Given any \(x\),
\(\cfrac { \partial x\, }{ \partial x } =1\)
\(\cfrac { \partial ^{ 2 }\, x }{ \partial \, x^{ 2 } } =0=\cfrac { \partial ^{ 2 }\, x }{ \partial \, x\partial t } \cfrac { \partial t\, }{ \partial \, x } =\cfrac { \partial ^{ 2 }\, x }{ \partial t\partial t } \cfrac { \partial t\, }{ \partial \, x } \cfrac { \partial t\, }{ \partial \, x } =\cfrac { \partial ^{ 2 }\, x }{ \partial t^{ 2 } } \cfrac { \partial t\, }{ \partial \, x } \cfrac { \partial t\, }{ \partial \, x } \)
So for all \(x\),
\(\cfrac { \partial ^{ 2 }\, x }{ \partial t^{ 2 } } \cfrac { \partial t\, }{ \partial \, x } \cfrac { \partial t\, }{ \partial \, x } =0\)
ie,
\(\cfrac{a}{v^2}=0\)
In fact,
\(\cfrac { \partial ^{ 2 }x\quad }{ \partial \, x^{ 2 } } =0\)
\(=\cfrac { \partial \, \quad }{ \partial \, x } \{ \cfrac { \partial x\, }{ \partial \, x } \} \)
\(=\cfrac { \partial \, \quad }{ \partial \, t } \{ \cfrac { \partial x\, }{ \partial \, x } \} \cfrac { \partial t\, }{ \partial \, x } \)
\(=\cfrac { \partial \, \quad }{ \partial \, t } \{ \cfrac { \partial x\, }{ \partial \, t } \cfrac { \partial t\, }{ \partial \, x } \} \cfrac { \partial t\, }{ \partial \, x } \)
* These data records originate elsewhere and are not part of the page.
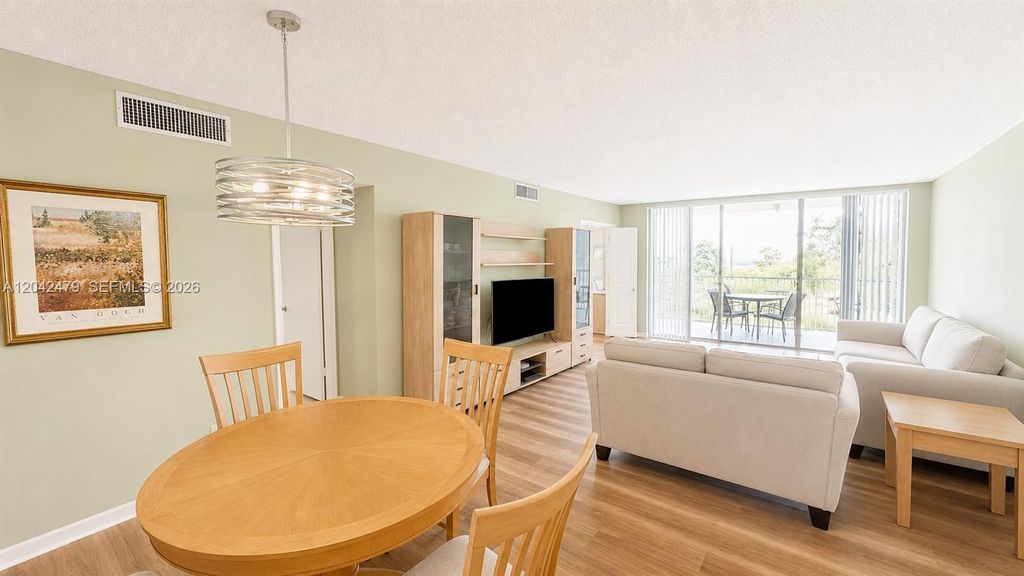 2671 S Course Dr APT 208, Pompano Beach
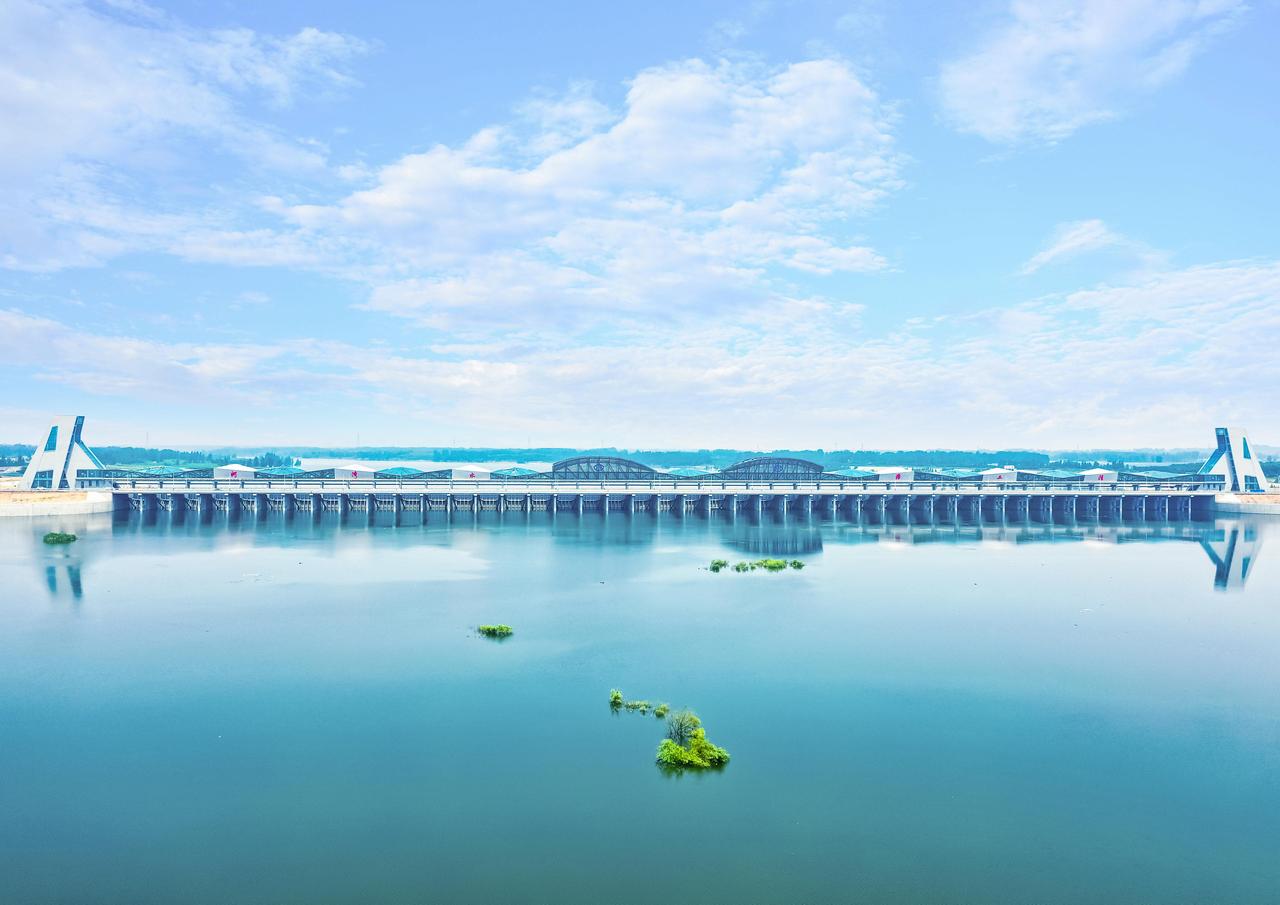 上联：每有乡词筹月满，安子邀对常逢客路遇花时‌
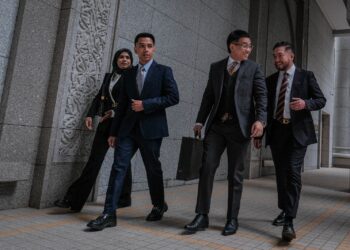 NAIM Daniel hadir di Mahkamah Seksyen Putrajaya  hari ini bagi serahan dokumen berkaitan pertuduhan melakukan amang seksual terhadap seorang remaja perempuan berusia 17 tahun pada 19 Mei lalu. - UTUSAN/ FAIZ ALIF ZUBIR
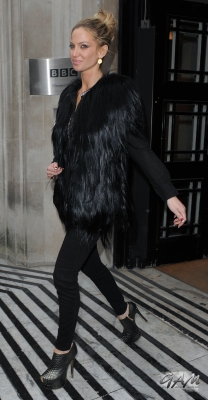 Girls_Aloud_outside_Radio_1_and_2_Studios_12_11_12_2814429.jpg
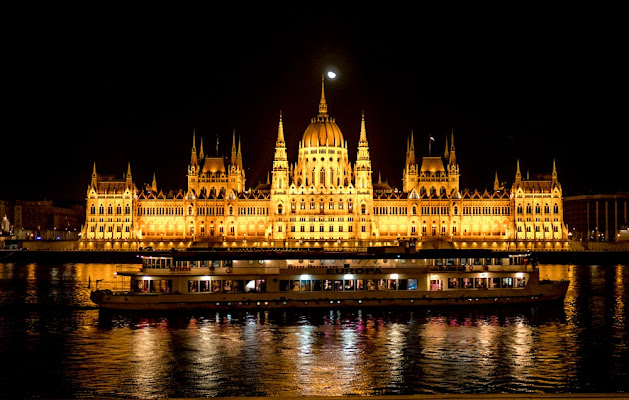 Budapest by night  di fabbra77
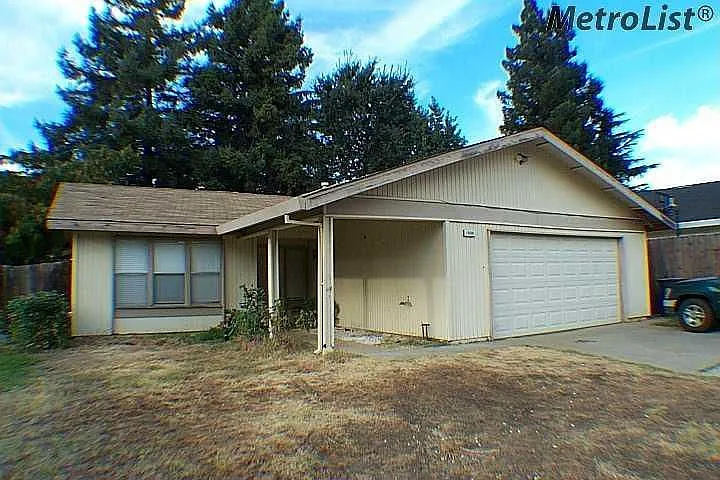 1600 Klamath River Dr photo 1
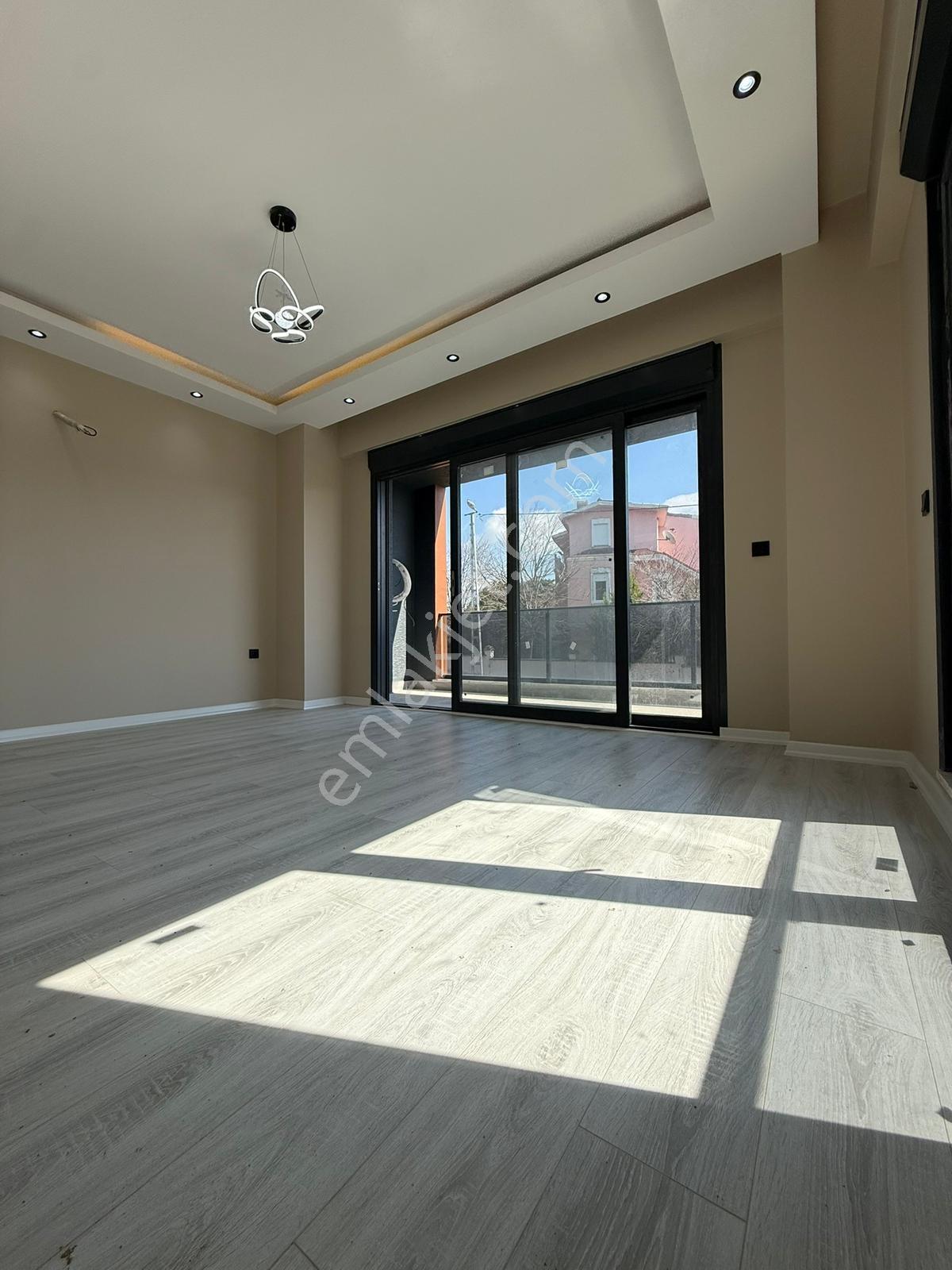 Büyükçekmece Celaliyede Satılık 7+1 Triblex İkiz Villalar - Görsel 10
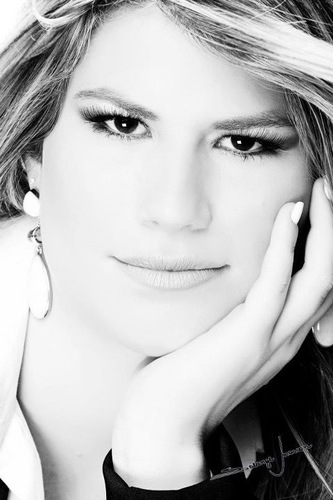 thianymotta's profile picture. Mãe da Julia, advogada, 23 anos.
\(=\cfrac { \partial \, \quad }{ \partial \, t } \{ \cfrac { \partial x\, }{ \partial \, t } \} \cfrac { \partial t\, }{ \partial \, x } +\cfrac { \partial \, \quad }{ \partial \, t } \{ \cfrac { \partial t\, }{ \partial \, x } \} \cfrac { \partial x\, }{ \partial \, t } \)
\(= \cfrac { \partial ^{ 2 }x\, \quad }{ \partial \, t^{ 2 } } \cfrac { \partial t\, }{ \partial \, x } -\cfrac { 1 }{ \{ \cfrac { \partial x\, }{ \partial \, t } \} ^{ 2 } } \cfrac { \partial \, \quad }{ \partial \, t } \{ \cfrac { \partial x\, }{ \partial \, t } \} \cfrac { \partial x\, }{ \partial \, t } \)
\(=\cfrac { \partial ^{ 2 }x\, \quad }{ \partial \, t^{ 2 } } \cfrac { \partial t\, }{ \partial \, x } -\cfrac { 1 }{ \{ \cfrac { \partial x\, }{ \partial \, t } \} } \cfrac { \partial ^{ 2 }x\, \quad }{ \partial \, t^{ 2 } } \)
\(=\cfrac { \partial ^{ 2 }x\, \quad }{ \partial \, t^{ 2 } } \cfrac { \partial t\, }{ \partial \, x } -\cfrac { \partial ^{ 2 }x\, \quad }{ \partial \, t^{ 2 } } \cfrac { \partial t }{ \partial x }=0 \)
non sequitur.